Die Politik tut besseren Wissens oftmals alles dafür, damit die Öffentlichkeit denkt, dass die Beschäftigten im öffentlichen Dienst, egal ob Tarif oder verbeamtet, wie die Maden im Speck leben. Es unterbleibt aber zu sagen, wie die tatsächliche Situation ist, über welche Gehalts- und Entgeltgruppen wir reden und was unter dem Strich dann tatsächlich im Alter übrigbleibt. Und, auch das ist festzustellen, wenn es darum geht den öffentlichen Dienst schlecht zureden, gibt es Allianzen von Arbeitgeberverbänden und politischen Parteien, die sonst nicht immer miteinander kooperieren. Wenn sozialdemokratische Ministerien in Interviews mit Studien von Arbeitgeberverbänden argumentieren, die noch mehr Einsparungen und noch mehr Personalabbau im öffentlichen Dienst fordern, muss man spätestens hellhörig werden.
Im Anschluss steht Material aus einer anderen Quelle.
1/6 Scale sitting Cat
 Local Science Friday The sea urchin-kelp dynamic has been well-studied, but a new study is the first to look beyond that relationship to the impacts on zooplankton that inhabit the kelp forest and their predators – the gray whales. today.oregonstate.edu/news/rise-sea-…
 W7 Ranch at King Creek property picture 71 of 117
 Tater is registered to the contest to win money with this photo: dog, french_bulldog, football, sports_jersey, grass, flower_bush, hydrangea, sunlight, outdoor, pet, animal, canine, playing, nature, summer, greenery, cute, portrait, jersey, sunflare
Viele Länder haben noch den mittleren Dienst, so dass verbeamtete Kolleginnen und Kollegen mit A 8 oder A 9 m.D. –teilweise aber noch mit Weihnachtsgeld und auch wieder mit Ruhegehaltsfähigkeit der Polizeizulage- in Ruhestand gehen. Aber auch mit A 9 g.D./A 10 oder A 11 kann man keine großen Sprünge machen, zumal die Pensionsbezüge reduziert wurden und –wieder einmal alles in Niedersachsen- die Polizeizulage nicht mehr ruhegehaltsfähig ist und es kein Weihnachtsgeld mehr gibt.
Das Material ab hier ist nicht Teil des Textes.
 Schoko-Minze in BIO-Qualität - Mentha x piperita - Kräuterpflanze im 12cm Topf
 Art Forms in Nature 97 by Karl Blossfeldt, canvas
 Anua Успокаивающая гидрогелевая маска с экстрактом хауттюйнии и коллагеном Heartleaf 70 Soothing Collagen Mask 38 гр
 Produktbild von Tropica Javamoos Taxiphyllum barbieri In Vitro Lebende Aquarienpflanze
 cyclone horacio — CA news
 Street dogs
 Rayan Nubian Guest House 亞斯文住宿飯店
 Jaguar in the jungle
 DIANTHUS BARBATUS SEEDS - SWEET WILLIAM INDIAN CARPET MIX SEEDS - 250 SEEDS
In politischen Reden aber wird Unfrieden gestiftet, indem die Pensionen im Vergleich zu den Renten immer wieder als viel zu üppig dargestellt werden. Es wird aber unterlassen zu sagen, dass die Länder sofort Insolvenz anmelden müssten, wenn sie für Beamtinnen und Beamten Sozialabgaben bezahlen müssten, also das grundgesetzlich verbriefte Berufsbeamtentum, das Dienst-und Treueverhältnis abschaffen und die Alimentationsverpflichtung damit aufgeben würden. Hinzu kommt noch, dass alle Beamtinnen und Beamten –auch wieder hier in Niedersachsen- Lohnverzicht geleistet haben und in eine Pensionsfond eingezahlt haben. Dieses Geld wurde von der Politik zweckentfremdet und wird zur Haushaltskonsolidierung verwandt, in anderen Bereichen würde in solchen Fällen wegen Unterschlagung oder Veruntreuung ermittelt.
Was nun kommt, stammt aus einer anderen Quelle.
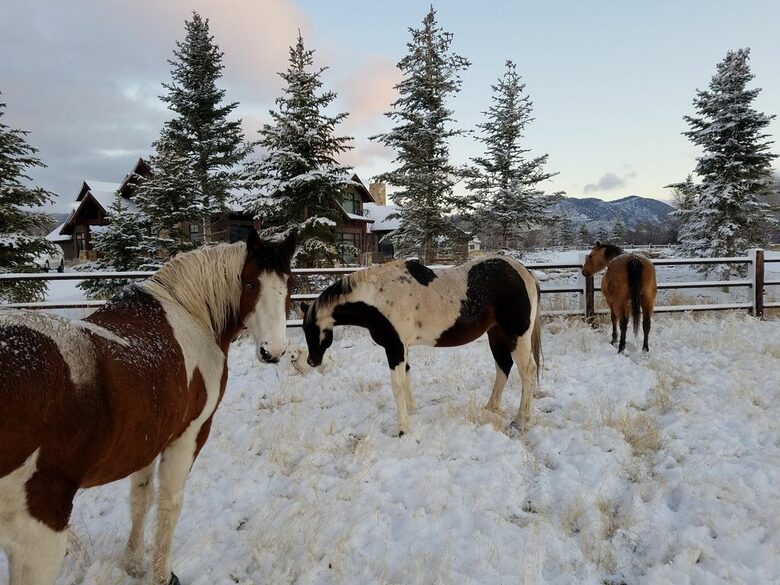 Twilight Moon Ranch - Park City - Kamas, Utah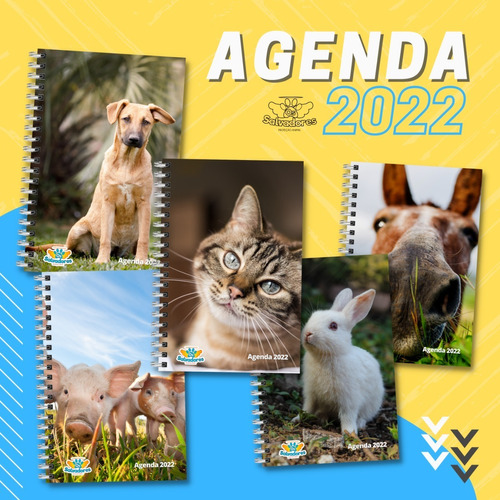 Agenda 2022 Salvadores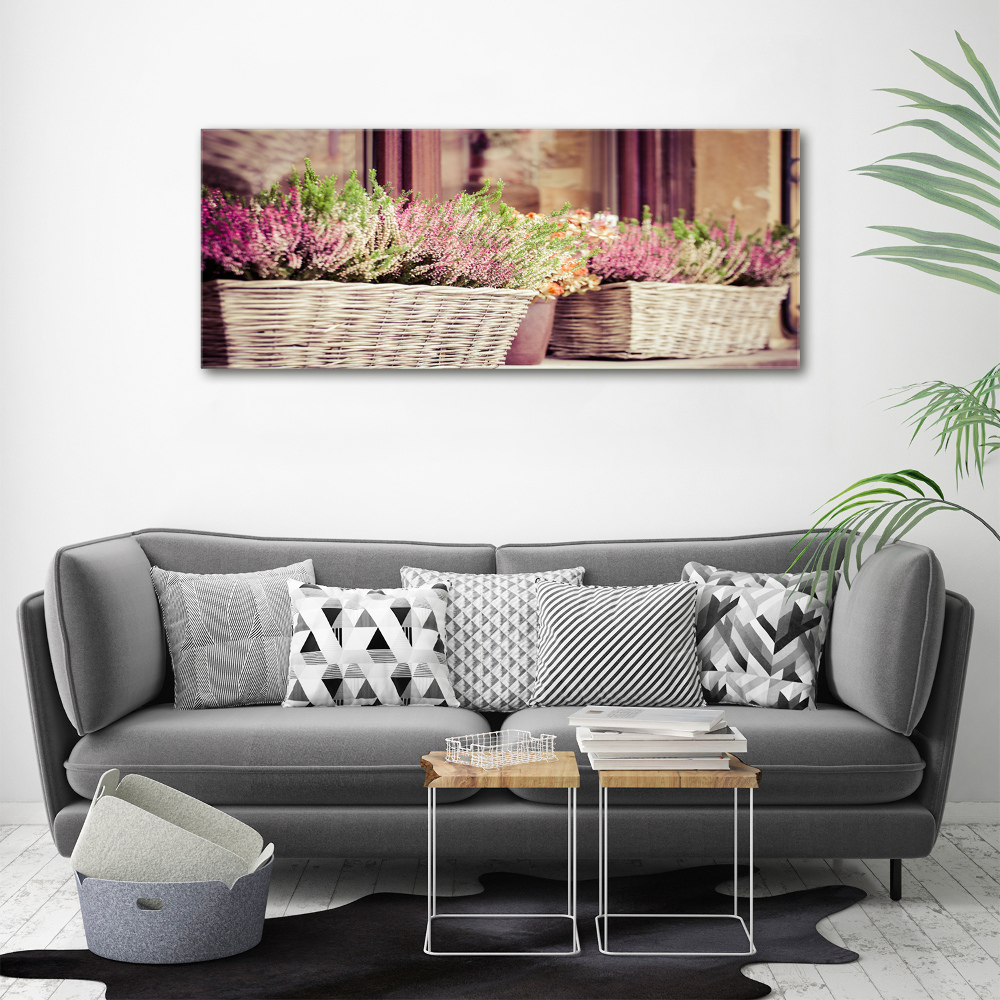 Tableau photo sur toile Lavande en pot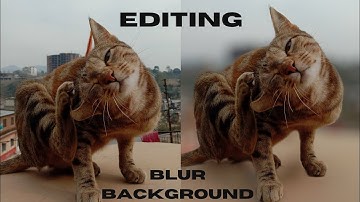 How to blur the background of a picture using snapseed app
Der Öffentlichkeit werden diese Fakten seitens der Politik verschwiegen. Und es wird auch nicht gesagt, wie die Situation für die Tarifbeschäftigten im öffentlichen Dienst und insbesondere bei der Polizei aussieht: kaum Perspektiven, kaum Weiterbildungsmöglichkeiten, kaum Höhergruppierungen und wahrlich keine üppigen Sonderzahlungen.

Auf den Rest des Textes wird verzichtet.